Lollapalooza

Monday, August 15, 2011

0047: Being vs Doing

"If you woke up breathing, congratulations! You have another chance."
- Andrea Boydston -


A picture I took in 2009 of a lady I owe a lot to...
Living in the Trocadero neighborhood, I passed this Lady often (she is about 6 or 7 feet in height, sitting down and is made of stone). She always gave me a sense of being and a sense of calm. To this day I don't know her name but I always think about her. (She is my ipad wallpaper, a reminder to me to be.)  

So, the art of "being" is something I have worked hard to learn and appreciate. I am not talking about just wasting the day away. I am referring to living in the moment, to enjoying life without expectations - even if just for short periods of time.
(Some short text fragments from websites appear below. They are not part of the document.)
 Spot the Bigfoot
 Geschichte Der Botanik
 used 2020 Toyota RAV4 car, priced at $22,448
Reading, jogging, eating, walking or simply lying outdoors looking at the sky - any activity can be appreciated more by being in that moment - so obvious right? but so hard to do... Letting go of that call you are expecting, of a decision you have to make, of what you're doing for dinner, of how to leave your mark on the universe :-) simply find time to let go...

This brilliant concept didn't just come to me; it was given to me... While in graduate school - in Malibu, California - I was working in NYC and traveling a lot to London. I was in my second to last semester and I was exhausted. My advisor highly recommended that I drop the program and pick it back up when my life wasn't so hectic. I have never been a quitter so I was pretty mad that he was even bringing that up. My grades were solid, how dare he! Then one of my favorite professor's, Scott Sherman, saw that I was upset and pulled me aside. He didn't say drop and he didn't say stay in. He talked to me about the difference between being and doing. He told me that a balance of the two is very important. He pointed out that although I was an expert doer that I shouldn't forget to be. I appreciated his talk and I got to vent but I really didn't get it for a few more years. Needless to say, I stayed in the program and graduated :-) I just couldn't see dropping out and losing momentum. 
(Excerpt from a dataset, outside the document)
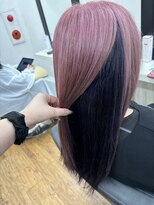 カノン(kanon)&nbsp;【kanon松戸】香野優子　ピンク×ディープバイオレット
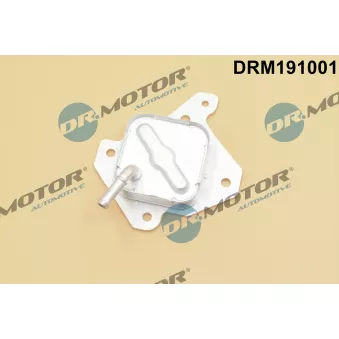 Dr.Motor DRM191001 - Radiateur d'huile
So years later when I realized that my lifestyle was unsustainable, that I was on the edge of losing myself - Professor Sherman's words came back to me. And I held on to them this time. I repeated them over and over. I really didn't know what to do to be... so I enlisted a few "BE" friends and set out on a mission of Being. And WOW, what a wonderful impact this has made on my life. 

I am still a doer but I constantly work on mastering the art of being - which I am pretty good at nowadays :-) I can truly let go and appreciate the moment. I can even go somewhere and leave my cellphone behind - a huge accomplishment for the person I used to be!! 

So... as you get busy with your day, remember to balance the "doing" and "being" aspects of life. After all, even 30 minutes of "being" will feed your heart and soul. I think I am a better person for understanding the difference and knowing when I am out of balance. 


Thank you Professor Sherman!!! And you thought I wasn't listening!! :-)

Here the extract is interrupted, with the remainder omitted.